(What to produce):
Among the lines below, restate word for word only those from the line with "Grangier Fabric & Stainless Steel Armchair" through the line with "fitted shirt - 4", with both end lines kept.

___ Data extracts ___

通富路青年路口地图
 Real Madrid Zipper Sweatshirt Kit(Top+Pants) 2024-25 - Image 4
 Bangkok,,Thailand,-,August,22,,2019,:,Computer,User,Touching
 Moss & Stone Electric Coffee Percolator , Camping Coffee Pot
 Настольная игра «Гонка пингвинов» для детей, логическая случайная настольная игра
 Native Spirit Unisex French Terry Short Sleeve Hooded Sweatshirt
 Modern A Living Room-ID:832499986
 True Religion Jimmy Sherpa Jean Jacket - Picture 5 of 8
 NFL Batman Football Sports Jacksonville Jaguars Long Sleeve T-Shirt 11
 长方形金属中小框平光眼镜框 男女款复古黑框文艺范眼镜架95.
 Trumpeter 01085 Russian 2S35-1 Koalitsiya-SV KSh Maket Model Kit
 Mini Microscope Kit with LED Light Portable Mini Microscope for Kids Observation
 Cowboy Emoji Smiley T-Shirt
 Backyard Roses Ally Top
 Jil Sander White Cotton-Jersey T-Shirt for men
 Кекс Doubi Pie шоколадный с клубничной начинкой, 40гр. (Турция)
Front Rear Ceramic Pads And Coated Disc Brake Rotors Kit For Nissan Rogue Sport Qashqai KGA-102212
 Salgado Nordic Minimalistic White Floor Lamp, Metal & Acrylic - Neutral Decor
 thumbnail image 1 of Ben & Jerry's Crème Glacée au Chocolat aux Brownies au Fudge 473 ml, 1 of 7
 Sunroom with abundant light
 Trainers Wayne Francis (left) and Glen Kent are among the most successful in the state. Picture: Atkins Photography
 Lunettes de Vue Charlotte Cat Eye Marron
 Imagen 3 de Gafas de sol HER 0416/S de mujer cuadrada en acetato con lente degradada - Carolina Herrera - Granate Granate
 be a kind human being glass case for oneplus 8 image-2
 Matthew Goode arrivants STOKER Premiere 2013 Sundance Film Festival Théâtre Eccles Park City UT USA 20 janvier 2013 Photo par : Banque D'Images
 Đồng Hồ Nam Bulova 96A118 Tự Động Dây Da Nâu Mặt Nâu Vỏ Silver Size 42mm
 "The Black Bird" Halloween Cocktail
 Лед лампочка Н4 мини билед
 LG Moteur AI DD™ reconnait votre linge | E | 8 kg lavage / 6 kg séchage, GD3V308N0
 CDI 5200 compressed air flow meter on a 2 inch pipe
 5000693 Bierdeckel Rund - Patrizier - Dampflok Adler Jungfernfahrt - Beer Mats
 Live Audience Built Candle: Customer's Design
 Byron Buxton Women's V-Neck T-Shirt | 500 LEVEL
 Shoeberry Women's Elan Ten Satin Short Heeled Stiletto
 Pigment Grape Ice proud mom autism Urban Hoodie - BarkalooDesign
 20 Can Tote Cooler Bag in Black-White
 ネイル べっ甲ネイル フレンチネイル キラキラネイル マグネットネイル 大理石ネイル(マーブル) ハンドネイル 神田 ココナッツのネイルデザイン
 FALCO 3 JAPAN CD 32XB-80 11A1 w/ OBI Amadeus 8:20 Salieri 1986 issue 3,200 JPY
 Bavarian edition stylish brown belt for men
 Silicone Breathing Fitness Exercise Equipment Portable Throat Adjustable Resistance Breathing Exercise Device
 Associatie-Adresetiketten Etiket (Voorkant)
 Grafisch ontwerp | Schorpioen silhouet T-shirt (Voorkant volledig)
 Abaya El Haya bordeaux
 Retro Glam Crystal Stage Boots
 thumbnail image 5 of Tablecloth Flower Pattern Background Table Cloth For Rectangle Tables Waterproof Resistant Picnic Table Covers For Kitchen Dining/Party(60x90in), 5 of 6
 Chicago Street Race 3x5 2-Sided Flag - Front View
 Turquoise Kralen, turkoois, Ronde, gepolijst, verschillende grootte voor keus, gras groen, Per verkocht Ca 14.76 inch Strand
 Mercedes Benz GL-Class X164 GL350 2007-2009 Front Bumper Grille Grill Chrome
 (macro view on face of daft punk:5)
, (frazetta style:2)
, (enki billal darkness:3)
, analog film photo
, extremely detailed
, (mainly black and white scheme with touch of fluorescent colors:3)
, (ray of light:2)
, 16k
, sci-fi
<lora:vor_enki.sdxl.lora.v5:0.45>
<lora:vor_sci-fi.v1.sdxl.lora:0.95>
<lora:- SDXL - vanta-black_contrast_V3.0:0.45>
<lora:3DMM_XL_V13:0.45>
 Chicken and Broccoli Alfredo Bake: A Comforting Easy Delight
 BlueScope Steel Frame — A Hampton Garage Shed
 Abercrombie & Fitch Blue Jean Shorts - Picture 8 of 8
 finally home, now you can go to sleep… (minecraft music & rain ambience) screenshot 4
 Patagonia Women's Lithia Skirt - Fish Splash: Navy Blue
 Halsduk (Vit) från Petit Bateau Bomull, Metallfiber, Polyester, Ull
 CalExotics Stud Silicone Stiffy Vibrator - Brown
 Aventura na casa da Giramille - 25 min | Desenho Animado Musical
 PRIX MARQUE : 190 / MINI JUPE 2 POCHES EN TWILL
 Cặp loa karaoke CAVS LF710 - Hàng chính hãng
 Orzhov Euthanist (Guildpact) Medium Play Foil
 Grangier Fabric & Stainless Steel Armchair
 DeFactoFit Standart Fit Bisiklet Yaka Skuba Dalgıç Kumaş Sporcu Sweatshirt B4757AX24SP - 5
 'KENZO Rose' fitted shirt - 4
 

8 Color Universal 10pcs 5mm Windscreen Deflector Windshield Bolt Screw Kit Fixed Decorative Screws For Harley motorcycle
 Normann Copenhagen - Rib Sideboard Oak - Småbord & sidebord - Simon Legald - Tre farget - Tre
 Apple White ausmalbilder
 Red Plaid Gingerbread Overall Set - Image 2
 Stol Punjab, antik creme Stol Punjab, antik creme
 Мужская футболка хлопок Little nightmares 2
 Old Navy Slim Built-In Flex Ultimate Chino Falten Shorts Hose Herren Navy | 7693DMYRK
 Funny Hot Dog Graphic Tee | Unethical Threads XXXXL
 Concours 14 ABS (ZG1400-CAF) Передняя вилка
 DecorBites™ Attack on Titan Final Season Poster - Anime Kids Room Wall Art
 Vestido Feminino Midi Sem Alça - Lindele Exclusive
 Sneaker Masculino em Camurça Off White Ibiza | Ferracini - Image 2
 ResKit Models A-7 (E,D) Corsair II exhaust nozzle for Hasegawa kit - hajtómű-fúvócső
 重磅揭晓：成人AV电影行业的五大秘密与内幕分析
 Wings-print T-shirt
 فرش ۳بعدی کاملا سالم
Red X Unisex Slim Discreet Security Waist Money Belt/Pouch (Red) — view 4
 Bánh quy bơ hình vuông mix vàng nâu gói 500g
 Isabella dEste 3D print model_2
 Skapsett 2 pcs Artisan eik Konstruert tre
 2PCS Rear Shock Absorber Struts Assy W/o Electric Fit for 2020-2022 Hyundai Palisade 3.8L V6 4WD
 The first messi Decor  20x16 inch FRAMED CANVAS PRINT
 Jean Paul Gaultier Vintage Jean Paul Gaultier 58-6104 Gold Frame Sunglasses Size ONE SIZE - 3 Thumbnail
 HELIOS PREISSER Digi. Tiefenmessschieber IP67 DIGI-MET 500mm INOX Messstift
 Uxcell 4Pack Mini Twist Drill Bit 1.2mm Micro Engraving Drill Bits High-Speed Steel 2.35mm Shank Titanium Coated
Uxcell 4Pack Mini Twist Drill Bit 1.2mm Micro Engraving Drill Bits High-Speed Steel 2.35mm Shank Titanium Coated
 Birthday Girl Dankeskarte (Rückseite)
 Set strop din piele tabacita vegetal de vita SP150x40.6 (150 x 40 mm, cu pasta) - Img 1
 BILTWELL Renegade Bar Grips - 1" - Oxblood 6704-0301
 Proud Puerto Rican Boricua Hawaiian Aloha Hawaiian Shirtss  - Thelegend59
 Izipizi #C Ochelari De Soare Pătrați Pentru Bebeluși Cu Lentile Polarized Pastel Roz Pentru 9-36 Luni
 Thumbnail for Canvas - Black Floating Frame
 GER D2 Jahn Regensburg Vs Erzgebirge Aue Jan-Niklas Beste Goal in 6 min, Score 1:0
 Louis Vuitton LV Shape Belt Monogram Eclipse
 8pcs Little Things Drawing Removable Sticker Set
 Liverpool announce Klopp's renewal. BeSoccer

___

(Result of this exercise):
 Grangier Fabric & Stainless Steel Armchair
 DeFactoFit Standart Fit Bisiklet Yaka Skuba Dalgıç Kumaş Sporcu Sweatshirt B4757AX24SP - 5
 'KENZO Rose' fitted shirt - 4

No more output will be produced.